**INPUT DATA**
Content starts

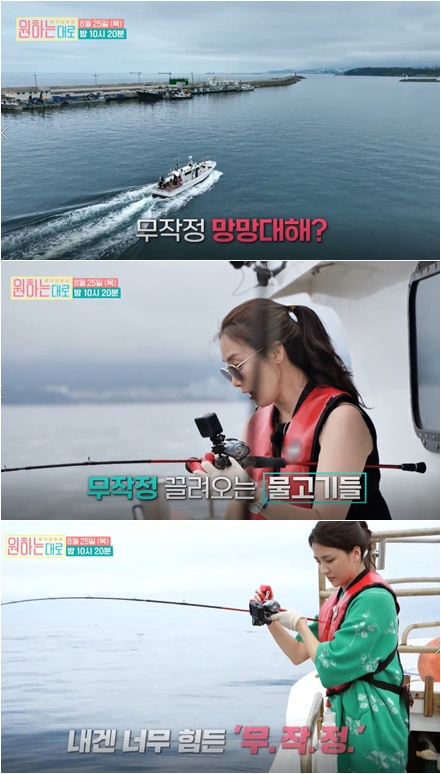 원하는대로 이미지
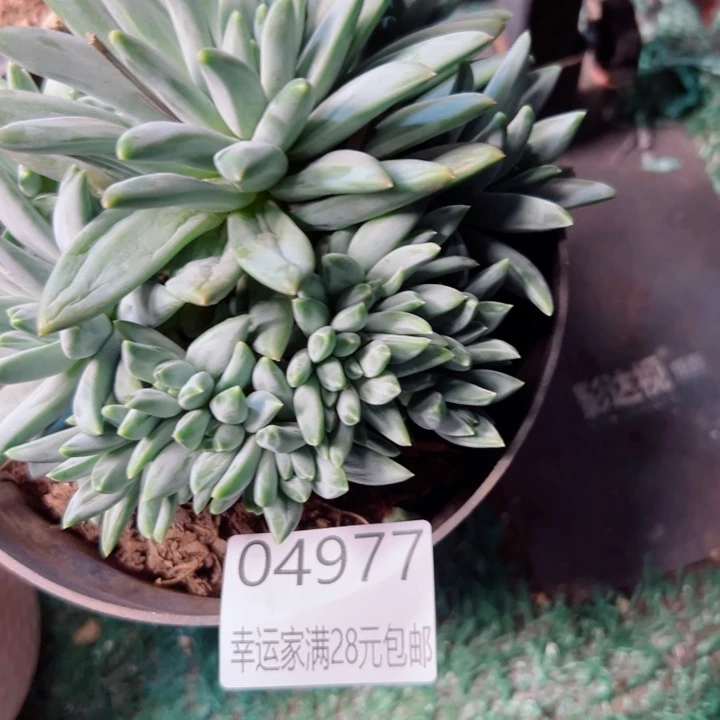 幸运的是我还没遇到你呢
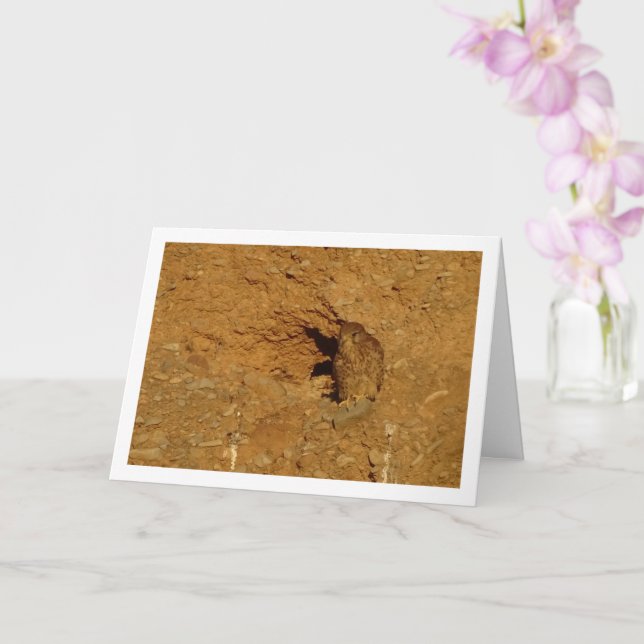Kestrel Bird, Falco Tinnunculus Card Karte (Orchidee)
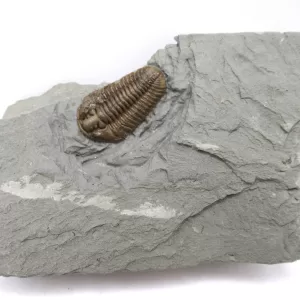 Genuine Ordovician Age Flexicalymene Trilobite Fossils for Sale from Ohio #23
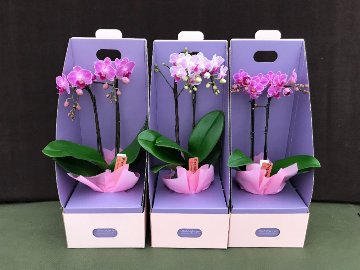 胡蝶蘭　ミニ　ミディ　ギフトボックス入り　6鉢セットの画像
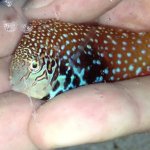 leopard wrasse.jpg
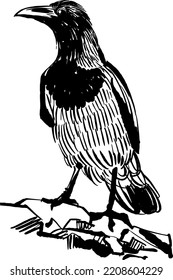 raven on a white background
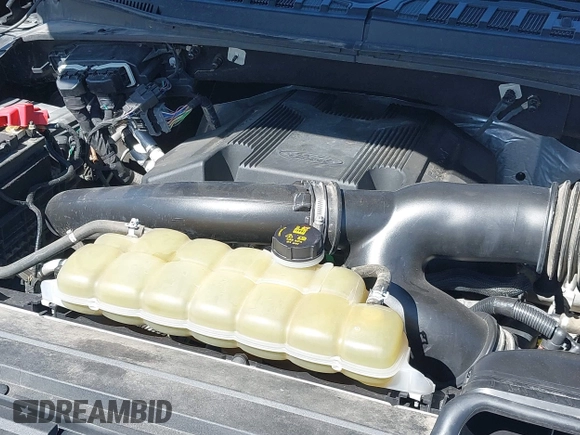 2019 Ford F-150 XL with VIN 1FTEW1E4XKKE93960, listed as a IAAI auction lot 42063323 with 177,650 mi miles and . Bid and sale history available at DreamBid. Image 10.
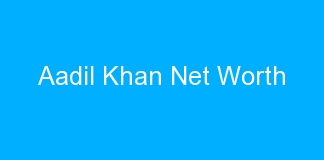 Aadil Khan Net Worth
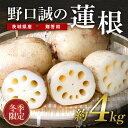 【ふるさと納税】【冬季限定 贈答用】 野口誠の蓮根 約4kg れんこん レンコン 蓮根 期間限定 野菜 57-B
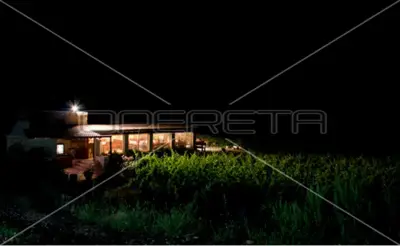 Agricultural estate on the island of Vis, 27,234 m² and restaurant - 22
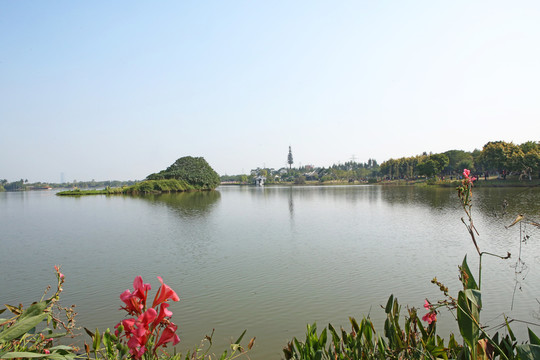 海珠湖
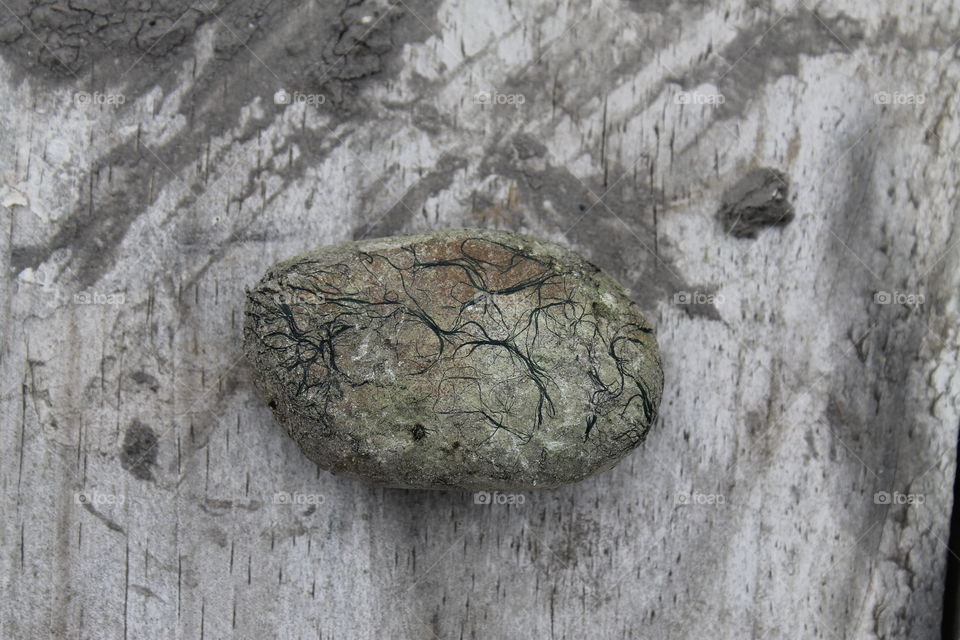 small textured mossy rock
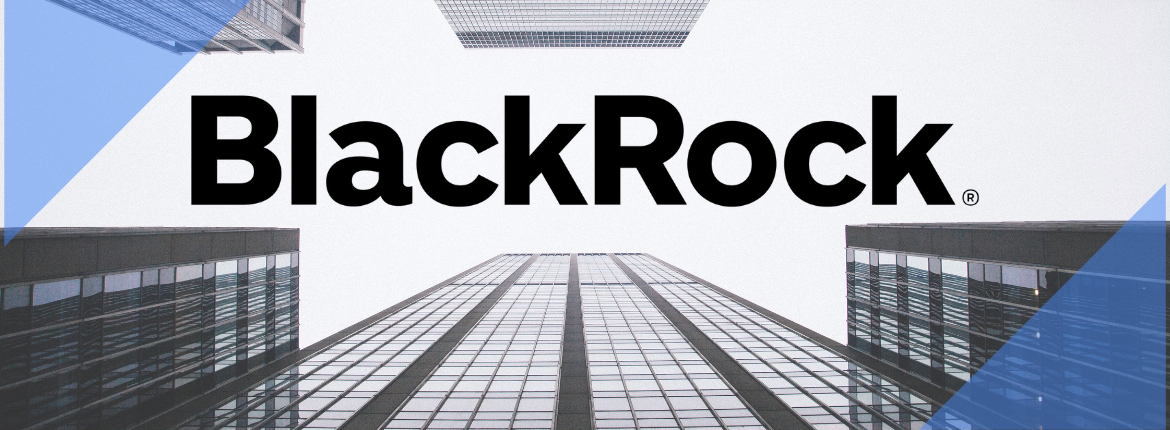 BlackRock_Summer_Internship_Program_2025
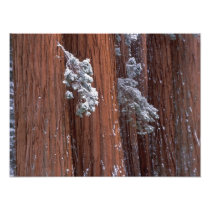 NA, USA, California. Sequoia National Park.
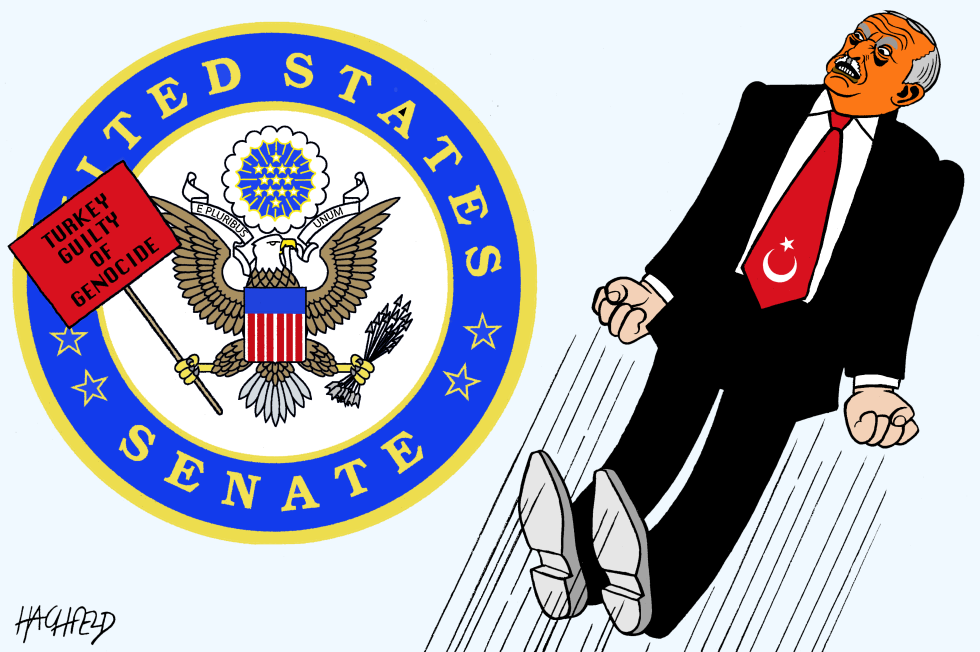 US Senate annoys Erdogan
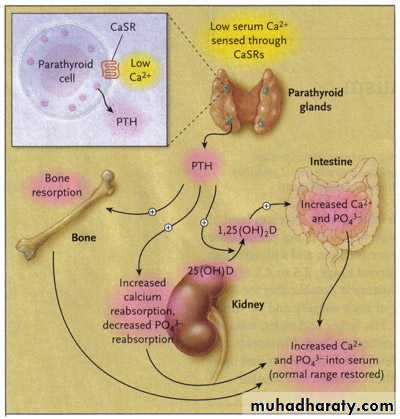 parathyroid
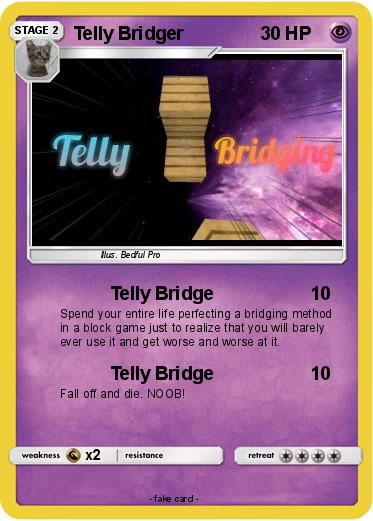 Pokemon Telly Bridger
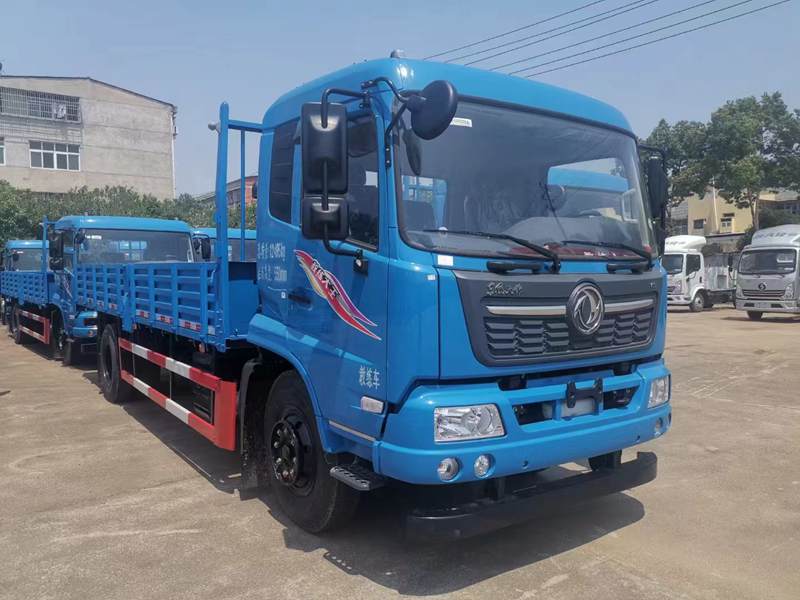 東風(fēng)天錦教練車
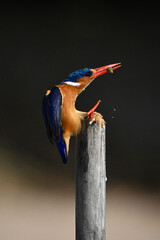 Malachite kingfisher leans forward landing on post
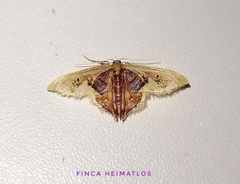 Idaea flavicosta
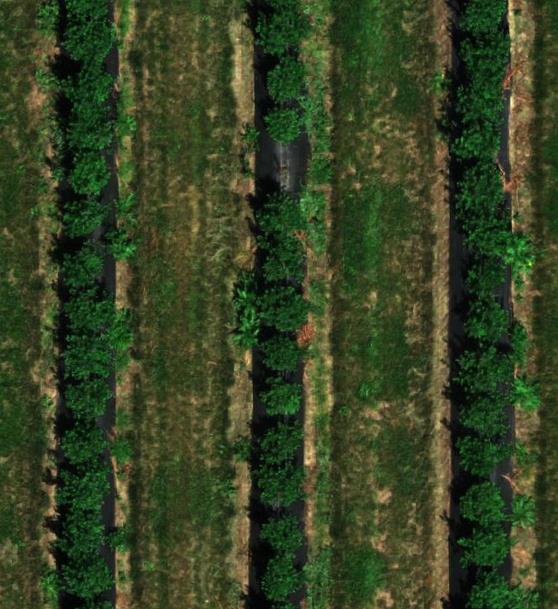 MicaSense ALTUM-PT Agricultural Tarımsal Termal + Multispectral + RGB Kamera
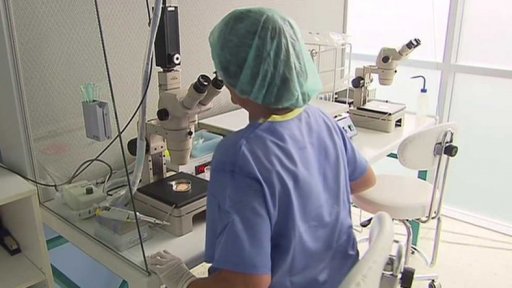 Plodnost českých mužů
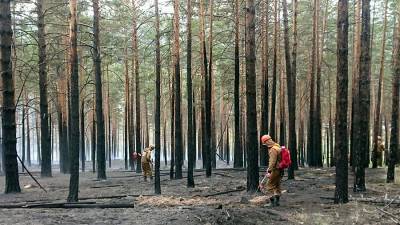 Для борьбы с лесными пожарами в России вызвали искусственные дожди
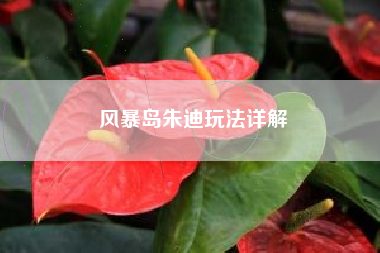 风暴岛朱迪玩法详解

Content ends

**TRY IT**
Pictures stay out of the answer; the rest of the listing above is returned exactly.

**OUTPUT BELOW**
 원하는대로 이미지
 幸运的是我还没遇到你呢
Kestrel Bird, Falco Tinnunculus Card Karte (Orchidee)
 Genuine Ordovician Age Flexicalymene Trilobite Fossils for Sale from Ohio #23
 胡蝶蘭　ミニ　ミディ　ギフトボックス入り　6鉢セットの画像
 leopard wrasse.jpg
 raven on a white background
 2019 Ford F-150 XL with VIN 1FTEW1E4XKKE93960, listed as a IAAI auction lot 42063323 with 177,650 mi miles and . Bid and sale history available at DreamBid. Image 10.
 Aadil Khan Net Worth
 【ふるさと納税】【冬季限定 贈答用】 野口誠の蓮根 約4kg れんこん レンコン 蓮根 期間限定 野菜 57-B
 Agricultural estate on the island of Vis, 27,234 m² and restaurant - 22
 海珠湖
 small textured mossy rock
 BlackRock_Summer_Internship_Program_2025
 NA, USA, California. Sequoia National Park.
 US Senate annoys Erdogan
 parathyroid
 Pokemon Telly Bridger
 東風(fēng)天錦教練車
 Malachite kingfisher leans forward landing on post
 Idaea flavicosta
 MicaSense ALTUM-PT Agricultural Tarımsal Termal + Multispectral + RGB Kamera
 Plodnost českých mužů
 Для борьбы с лесными пожарами в России вызвали искусственные дожди
 风暴岛朱迪玩法详解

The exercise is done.